Stored entries:
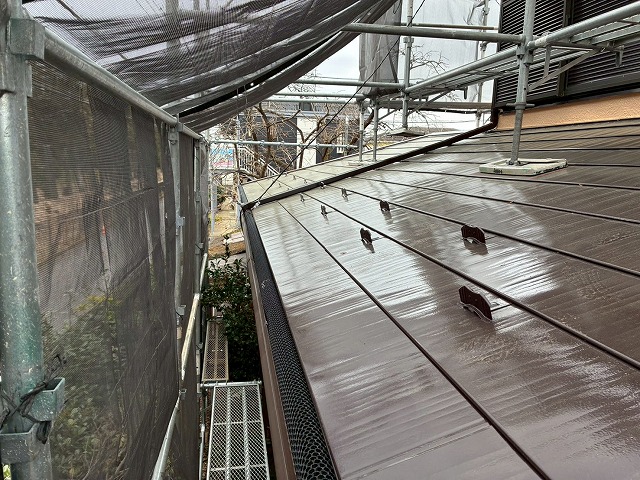 土浦市にて軒樋の詰まりによる排水不良を防止する落ち葉除けのネットの取り付け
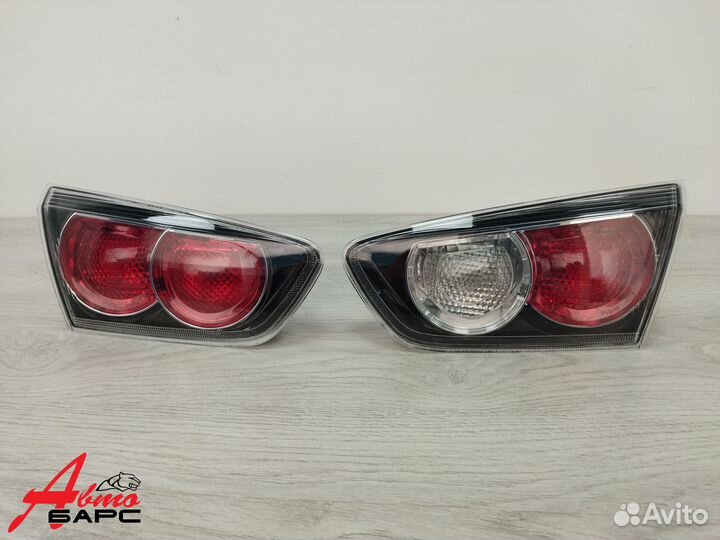 Фонарь внутренний Mitsubishi Lancer X черный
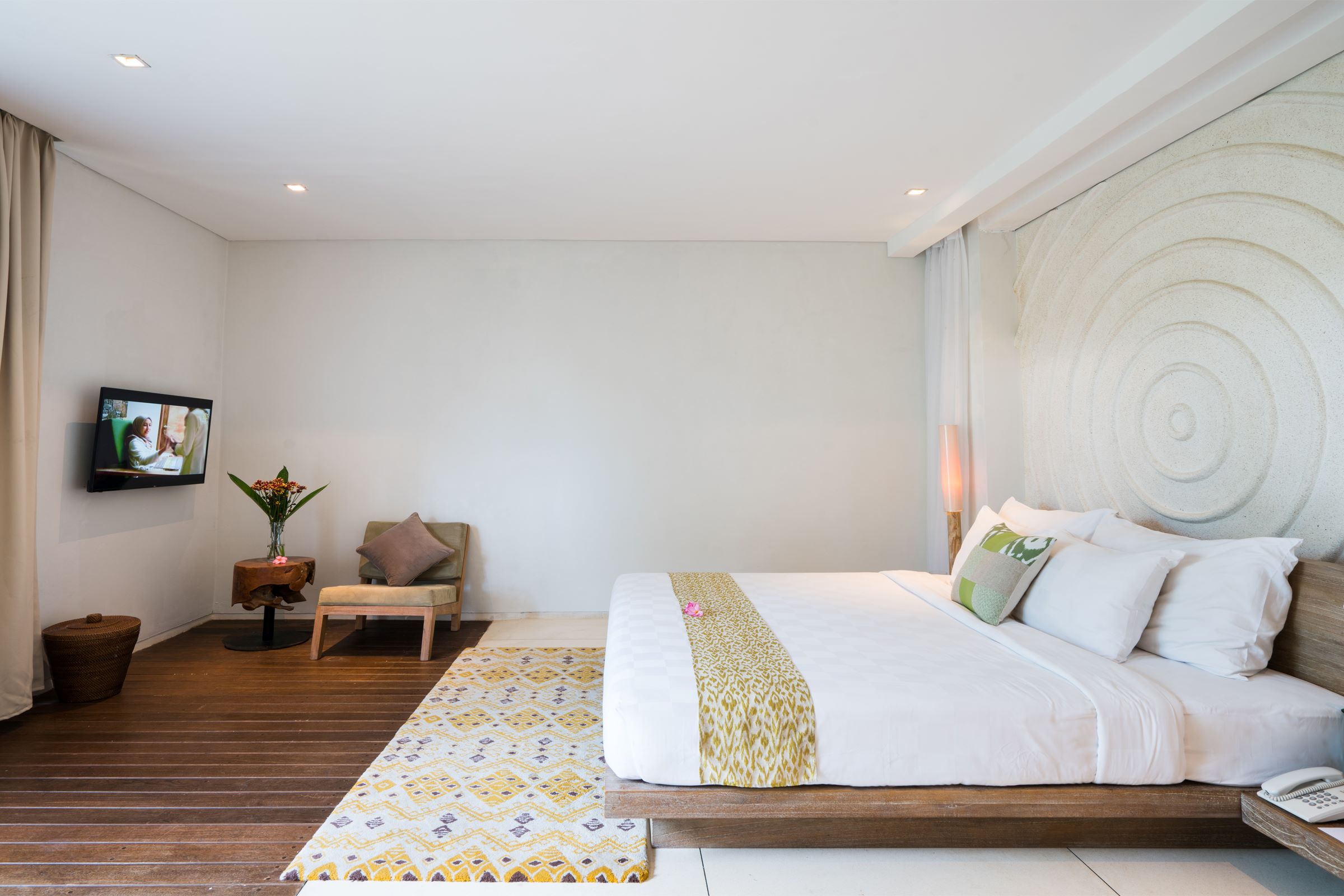 Adna Garden Deluxe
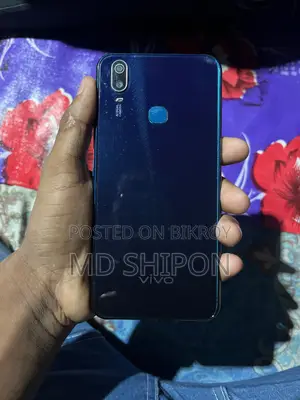 Vivo Y11 . (Used)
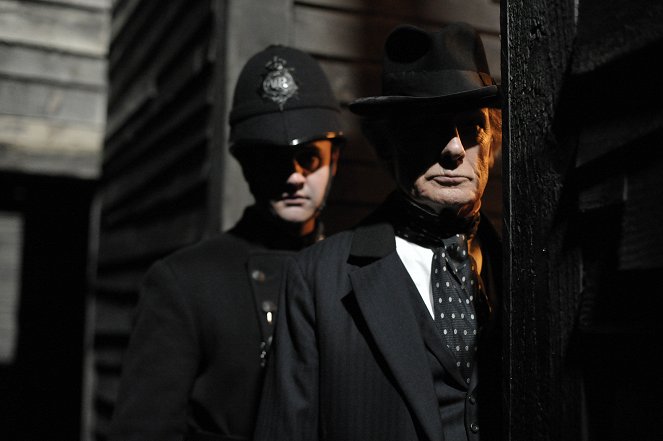 Los misteriosos asesinatos de Limehouse - De la película - Daniel Mays, Bill Nighy
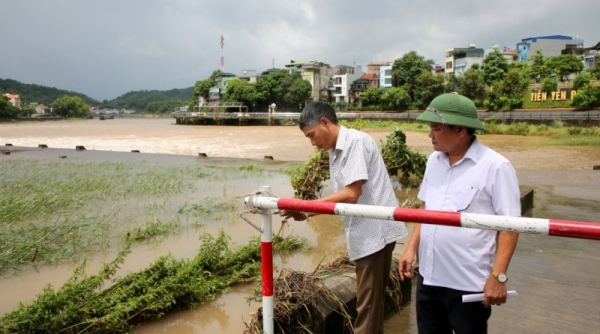 Các tỉnh miền Trung chủ động ứng phó với mưa lớn, ngập lụt, sạt lở đất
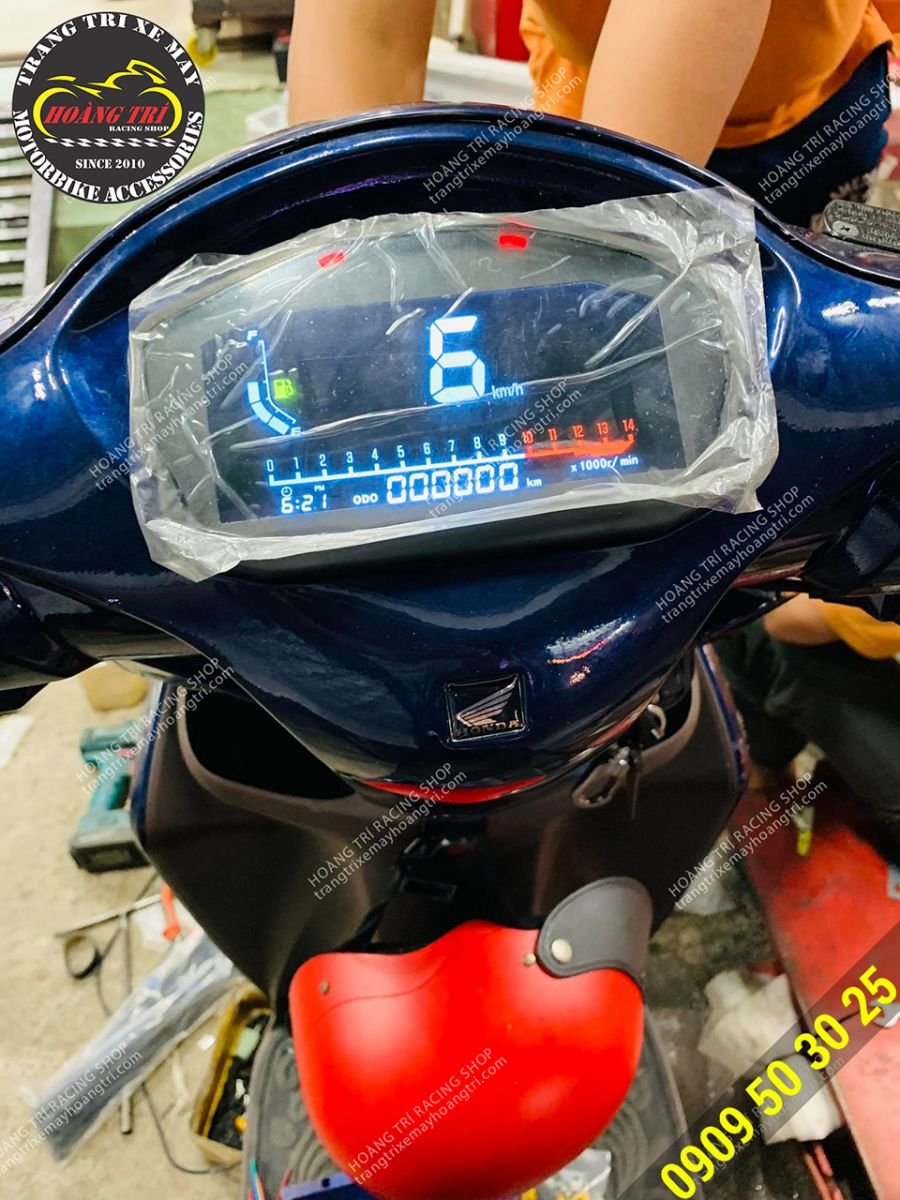 Trên hình là chiếc Vision màu xanh dương lên đồng hồ Ducati 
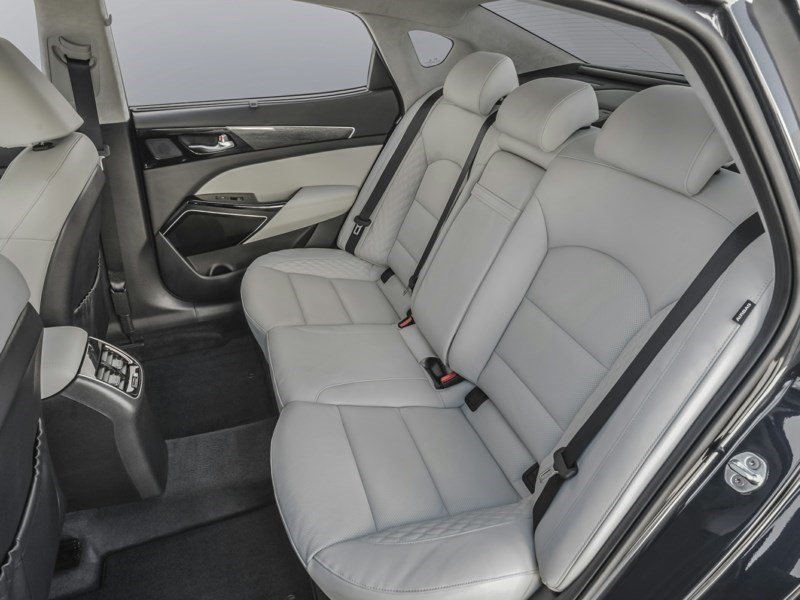 2019 Kia Cadenza Premium OEM Shot 6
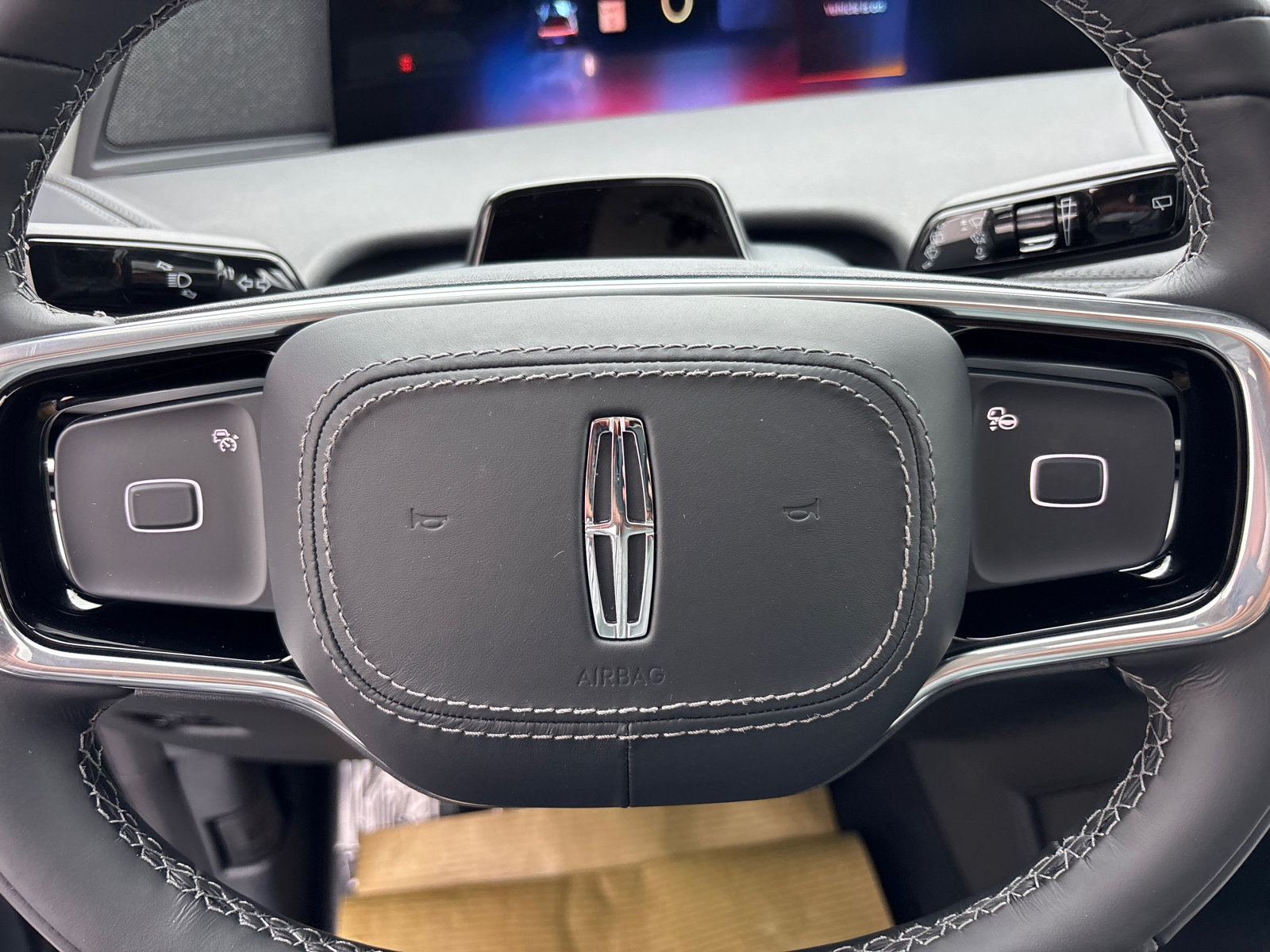 New 2026 Lincoln Navigator Reserve AWD/4WD image 15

*Problem details*. Above are the records. Copy exactly, and only, the lines from the line containing "Los misteriosos asesinatos" through the last one, omitting any pictures.

*Result*.
 Los misteriosos asesinatos de Limehouse - De la película - Daniel Mays, Bill Nighy
 Các tỉnh miền Trung chủ động ứng phó với mưa lớn, ngập lụt, sạt lở đất
 Trên hình là chiếc Vision màu xanh dương lên đồng hồ Ducati 
 2019 Kia Cadenza Premium OEM Shot 6
 New 2026 Lincoln Navigator Reserve AWD/4WD image 15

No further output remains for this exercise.